The other thing is, there is already DRT – for recovery of debts due to banks and financial institutions. There was a surface act under which asset reconstruction companies could have taken over assets. And then in 2016, we had the Insolvency and Bankruptcy Code. The Insolvency and Bankruptcy Code is a good law.
Now, this Ordinance or the Bill – what new thing do they bring? That the Reserve Bank may issue directions to a bank to go for insolvency proceedings. Now what does the Insolvency Law say? You first appoint an insolvency professional, then he forms a lenders/creditors’ committee, and then the creditors’ committee gets together and takes a decision on the bank. The ultimate arbiter is the National Company Law Tribunal. So this is the procedure; and the advantage of the Insolvency Code is that you have to settle the matter within 180 days. So it is a time-bound resolution of the problem of insolvency. But the Government hurried with this law for these 12 companies whose name the Reserve Bank did not disclose. I have got it from the internet.
However, the main question remains – is the Reserve Bank an appropriate authority? I am totally against the Reserve Bank of recent times, post-Raghuram Rajan, because this is the Reserve Bank which, till date, has not been able to count the notes which were deposited during demonetisation. So why should we have confidence in such a Reserve Bank? Our Standing Committee has repeatedly asked the Reserve Bank Governor – why don’t you say how much money has come in? My information is that they are still counting; they say they have to bring in machines from abroad. This Reserve Bank is totally inefficient and incapable. Nobody knows how much money has been deposited. And abiut the story of demonetisation – the balloon will be punctured when it will become known.
Now, the whole banking system, as our Chairman of the Standing Committee, Veerappa Moily says, is facing a collapse. The Government is trying to clutch at straws, and one straw is this Ordinance.

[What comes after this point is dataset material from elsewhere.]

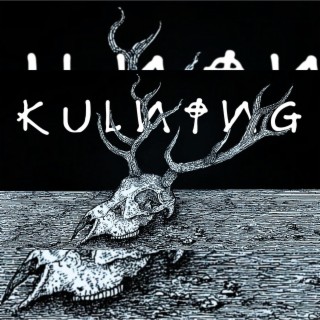 Kulning (Ancient Norse Herdingcall)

Now, I want to ask various questions. Currently, under Section 35A, the Reserve Bank may issue directions to banks on grounds of public interest and in the interest of banking policy. This ordinance gives the RBI additional power to direct banks to initiate recovery proceedings. So when already the RBI has the power to issue directions, why do you need the Ordinance?

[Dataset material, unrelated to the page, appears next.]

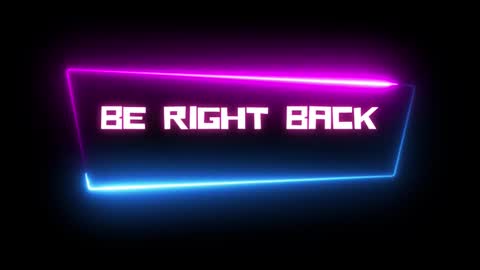 Snapshot of nato_evans chatting on 03/05/25, 12:16 nato_evans online show from 03/05/25, 12:16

The second question is, the majority of NPAs, 88 per cent of the NPAs, are in public sector banks. Mind you, the private sector banks like HDFC, ICICI, do not have such large NPAs. So the Government could have itself issued directions instead of asking the useless RBI to issue directions, since the Government owns all these.
My next question. As a banking regulator, the RBI is supposed to look after the macro-economic picture. It, as a regulator, is responsible for maintaining the financial stability while banks have the flexibility to make business decisions. Say, you have to settle a loan, and so, you have to take a haircut. Now the banks will not take the decision. They will say that let the RBI tell you then you have to take a haircut and settle the matter; so the whole thing will be delayed.
The appropriateness of the RBI directing Banks on the issue of default, which is a business decision, needs to be examined. Why not leave the banks to their own things?
Currently, banks face certain challenges as part of the recovery proceedings, such as the lack of incentives among public sector bankers to recognise losses, the fear of investigation in the case of low recoveries, insufficient capital to absorb the losses.
Everybody has mentioned that banks do not have the capital according to banking norms.
I have already said that I have given a statutory resolution, have opposed the introduction of the Bill and have called this an unnecessary Bill. With that I would rather say that I would expect the Bill, but if you accept Supriya Sule’s Amendment. She has said that this decision about going for insolvency and bankruptcy procedures should be left to the banks themselves. Please accept that, and then I will support the Bill.